第07話 表彰式と他校の面々。
(婚約者の)身内での顔見せ――内輪のパーティを無事に乗り越え。
一息ついたと思えば、今度はまったく面識のない人間が主催する表彰式――外向けのパーティが待ち受ける。
「非常に面倒くさいから代表にアテナだけ残して帰っちゃ駄目かな?」
「聞くまでもなく駄目にきまってるよね?」
「そもそも、一人だけ残るというならあなたが一人残されると思うのだけれど?」
「クッ……なら全員参加にするしかないか」
まぁ式典まではそれなりに時間的な余裕もあるし。
お上りさんらしく東京見物でもしておこうと、管理局のなんやかやで忙しいアヤカさん以外の全員でお出かけ。
あれ? ショウコさんも職員……いえ、なんでもないです。
「……ていうか、別に御朱印帳を集めてるわけでもないんだからさ!」
観光で回る場所が神社仏閣、景勝地ばっかりってなんだよ!!
「さすがに俺達みたいな、ナウでヤングな高校生としてはもう少し――あっ」
「お兄ちゃんはどうしてカズのことを見て言い淀んだのかな? かな?」
「夕霧さん、その攻撃は私にも効きます……」
いや、そこまでの他意は無いんだけどね?
ていうかこの世界、文明レベル自体はそれなりに発展してるんだけど。
こと娯楽や行楽に関しては、びっくりするくらい地味でさ。
もちろんカラオケとか映画館、ボウリングやプールバーなどなど。
お手軽に遊べる施設はそれなりにあるんだよ。
でも、『ユニバース・スタディオ』とか『ネズミーワールド』。
大規模な遊園地は無いし、水族館や動物園……世界的にほぼ鎖国状態だから、多様な動物や魚を集めることも出来ない。
「これはもう鷹司資本で新しい娯楽施設を計画するべきでは?
いや、その前に食の多様性を広げるべきか?
そういえば、駅前で大衆娯楽店をみた記憶もないな」
ぶつぶつと呟く俺の隣。
シズカさんが、
「夕霧くん。さすがにこんな明るい時間から、お○ん○んの話をするのはどうかと思うのだけれど?
そういうのは二人きりの時に……ね?」
「『ね?』って何だよ……。
そもそもそんないかがわしい話はしてないからね?」
まぁ寺社巡りをしながら、団子やまんじゅうをつまむのも悪くはなかったんだけどさ。
でもそれ、『関西』でも出来るんだよなぁ……。
* * *
——そんなこんなで、時間は流れて八月某日。
「なんだよ。

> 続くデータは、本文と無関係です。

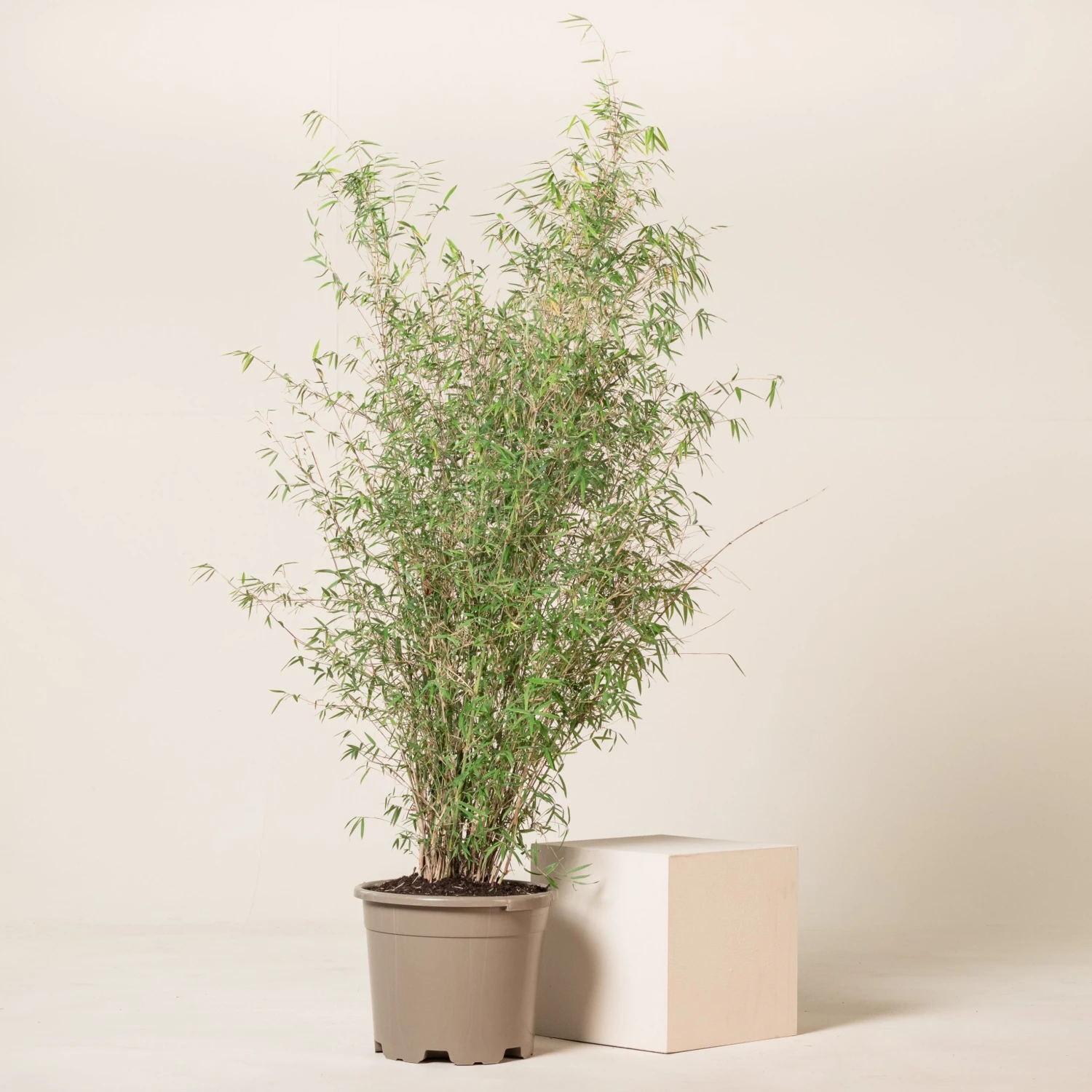 Fargesia Angustissima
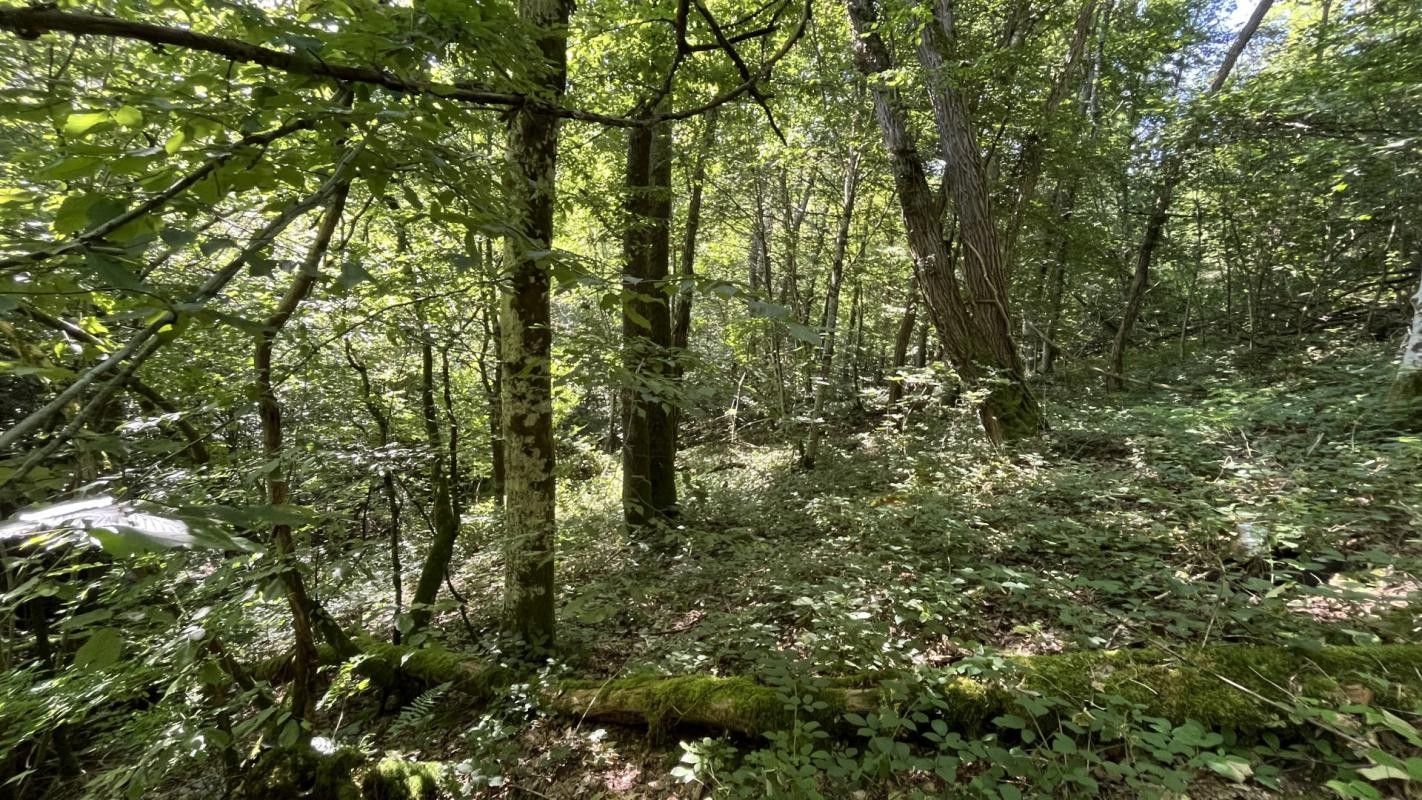 Vente Terrain à Autun 0 pièce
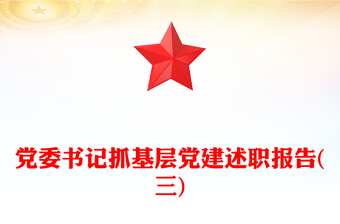 黨委書(shū)記抓基層黨建述職報(bào)告(三)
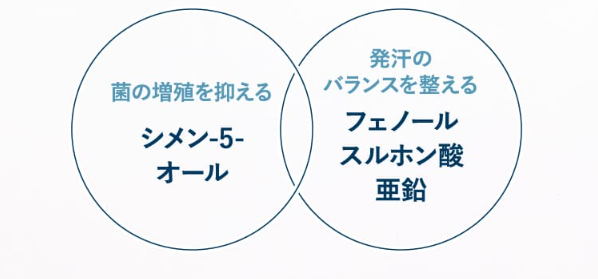 ノアンデ42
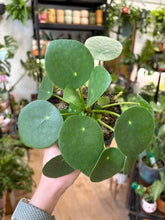 Kép betöltése a galériamegjelenítőbe: Pilea peperomioides - Pénzlevelű pilea 11cm - Chinese Money Plant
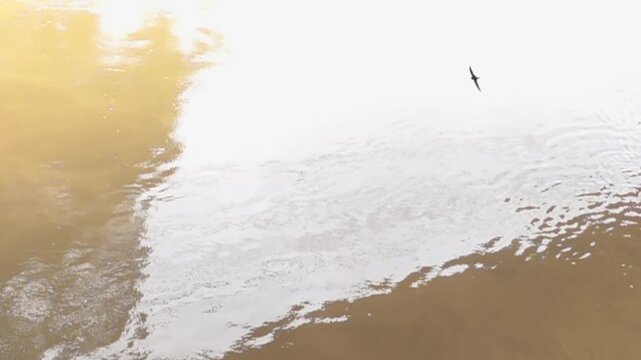 The flight of the great swifts (Apus melba) and fork-tailed swift (Apus pacificus). slow motion. Vietnam. Slow motion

パーティっていうからホテルかどこかでやるのかと思えば」
「僕的にはホテルより迷宮管理局の本部施設に入れるほうが嬉しいけどね?」
「施設と言っても、ただの大きな体育館にしか見えないのだけれど」
重厚なコンクリートの外壁と無機質な照明。
壁に掛けられた巨大な白い膜はプロジェクターで何かを上映するためか?
シズカさんの言う通り、体育館のような広いホールの中には人が溢れる。
「なんていうか、カズラさんが物凄く目だってるみたいなんですけど……。
どっか行ってもらえます?」
「何気に酷っ!?
確かに美しすぎる探索者代表のカズはどこに居ても目立つけど!
あっちの人相の悪い連中が見てるのはお兄ちゃんだからね?」
「あー……もしかして、前に言ってた大手ギルドの人達です?」
もちろん俺達だけが視線を集めているわけではなく。
あちらこちらの集団で談笑……というか牽制と値踏み?
視線をぶつけたり逸らしたり。
そんな連中を見てると、笑顔は威嚇行為だということが非常によく分かる。
「ていうかパーティを名乗っておいて食べ物どころかたいした飲み物無いとか何なの?」
入り口でペットボトルを一本渡されるだけのパーティとかボッタクリ通り越して詐欺だろ! 金は払ってないけど!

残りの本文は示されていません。